Formal Mathematical Reasoning: A New Frontier in AI
🧬 AI agents might make autonomous contributions to human projects, and vice-versa, mediated by formal tools that guarantee correctness. This vision can likely borrow from previous experiences in distributed, collaborative computing platforms from other fields, like Folding@Home, where anyone can contribute computing power to protein folding. The same is possible for proving mathematical theorems.
➗ Theorem Proving. We might one day expect to have systems that go beyond what human mathematicians have been able to accomplish, solving existing open problems, or perhaps even formulating new interesting problems on their own. Currently, formal systems are typically used to formalize results that human mathematicians have first done informally. If one day AI becomes able to autonomously make mathematical discoveries, we can expect ✅ these discoveries to be made in a formal system.
🚗 Autoformalization. AI models should be able to invent novel mathematical definitions that can potentially reduce proof complexity. At this level, an AI model is closer to ✅ a “theory builder” that can reshape the proving process through better abstraction or concept formulation. For instance, filters (i.e., a set of sets satisfying certain properties) are rarely taught in standard math curriculum. However, as a convenient abstraction in mathematical analysis, they have become a widely adopted concept for formalizing limits in various proof systems.

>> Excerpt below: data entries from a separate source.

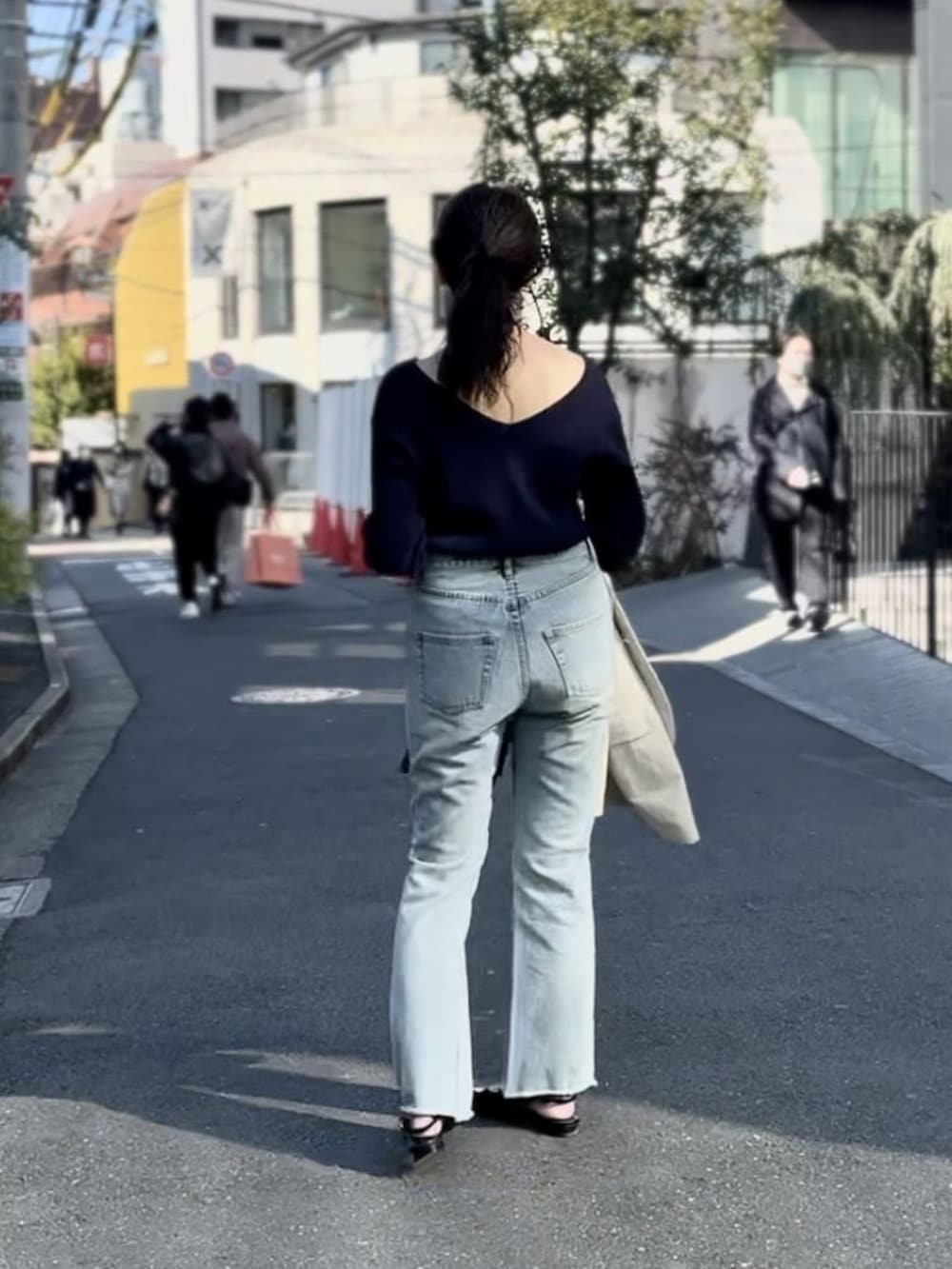 ブルー系のニット/セーター、ブルー系のデニムパンツ、ブラック系のパンプスを着用したレディースの冬コーディネートの3枚目の写真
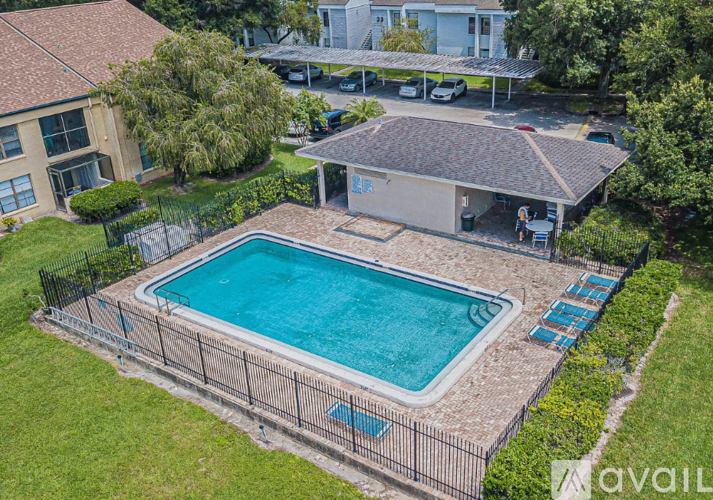 An aerial view of a house with a blue swimming pool.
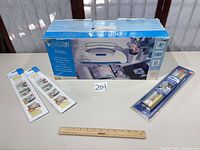 Boxed YourStory laminator with accessory foil and glue strip packs plus ruler for scale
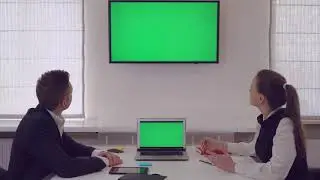 Manager Giving Presentation For Client Showing On Monitor With Green Screen - No Copyright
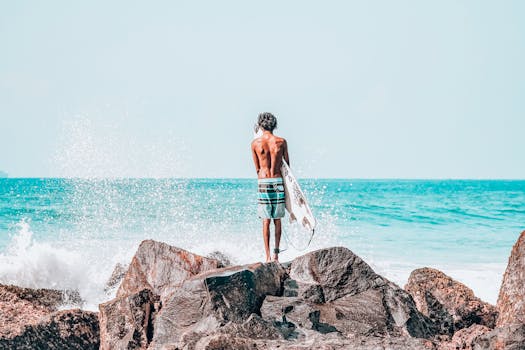 A shirtless man holds a surfboard on rocky beach with ocean spray.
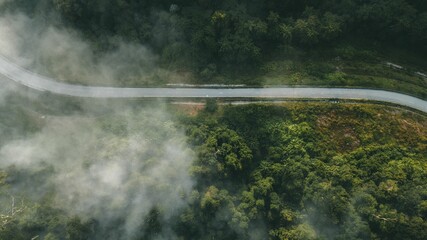 Aerial view of a winding road surrounded by a lush green landscape with trees in the distance.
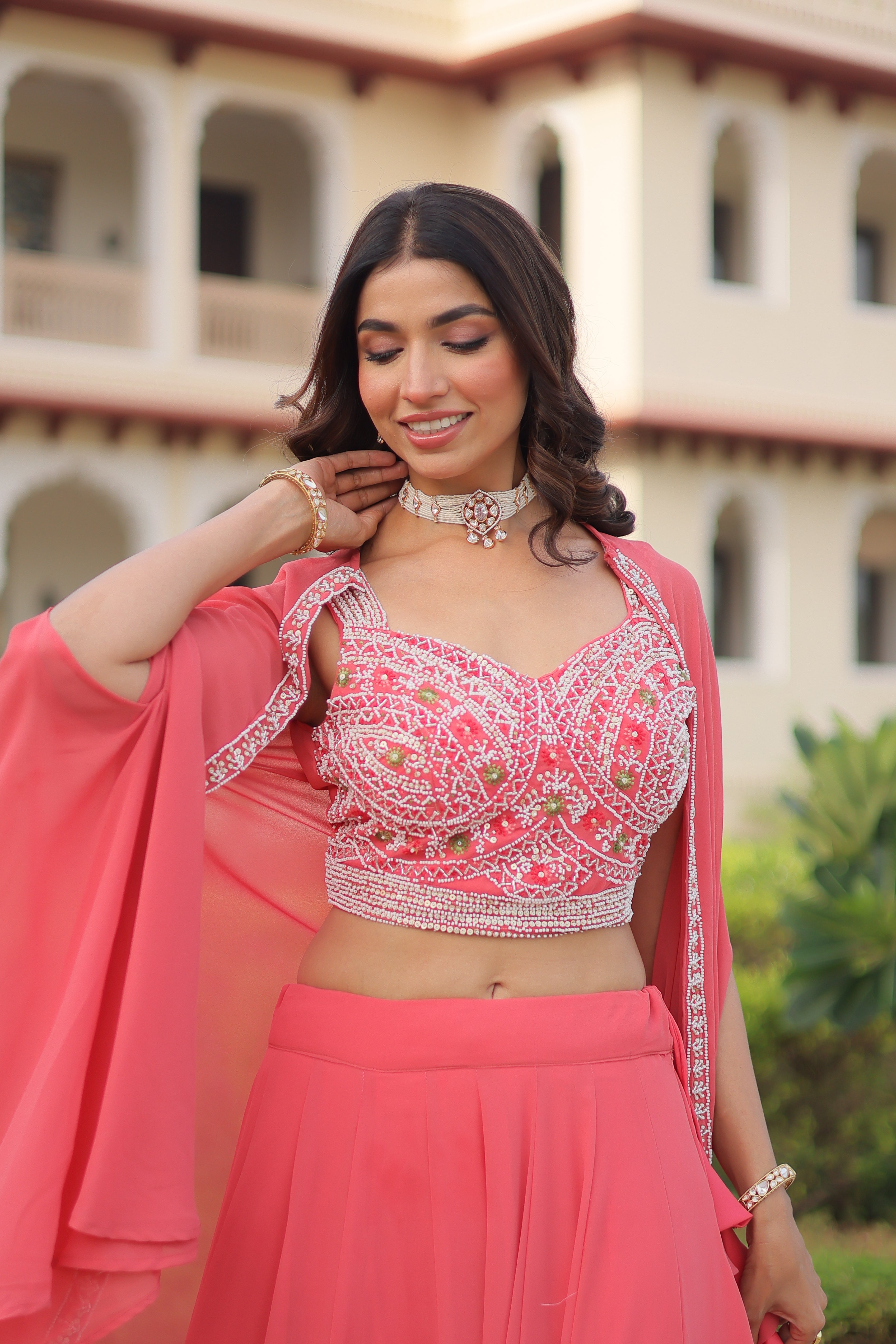 Sanika peach faux georgette lehenga choli with beads embroidery and shrug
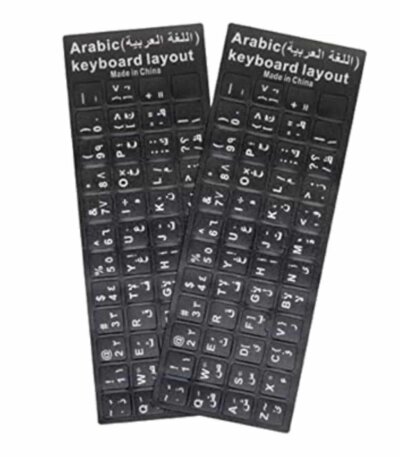 Deux planches rectangulaires d'autocollants noirs pour clavier d'ordinateur sont posées côte à côte sur un fond blanc uni. Chaque planche comporte un en-tête noir avec l'inscription « Arabic (اللغة العربية) keyboard layout » et la mention « Made in China » écrites en blanc. Les autocollants individuels correspondent aux touches d'un clavier standard et affichent des caractères blancs, combinant des lettres de l'alphabet latin (disposition QWERTY), des chiffres et des caractères de l'alphabet arabe.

💭 Conjecturing. The future AI systems might be able to formulate conjectures that go beyond current domains of mathematics. Some expect that a major milestone for future AI systems will be to ✅ both conjecture and prove a high-level, interesting mathematical result. While that goes far beyond current systems, such an achievement would mark an era where AIs work side-by-side with human mathematicians in expanding our collective knowledge of mathematics.
🛡️ Formal Verification and Verified Generation. AI systems make another leap by aiding users in deriving formal specifications, including specification generation, explanation, and debugging. To benchmark specification assistance, we can again leverage verified codebases and designs, but instead of generating proofs and code given the specifications, we treat ✅ the code and proofs as ground truth and use them to evaluate specifications produced by the model.
📝 Verified Reasoning in Natural Language. Real-world applications that involve complex reasoning are often not purely mathematical problems, yet they contain significant mathematical components along with other components such as common-sense and human preferences. Level 4 requires AI to recognize the mathematics in everyday tasks and apply rigorous reasoning. For example, in scenarios like travel planning or calendar scheduling, AI can potentially formulate these tasks as constraint satisfaction problems and ✅ solve them using appropriate solvers such as mixed-integer linear programming (MILP) solvers.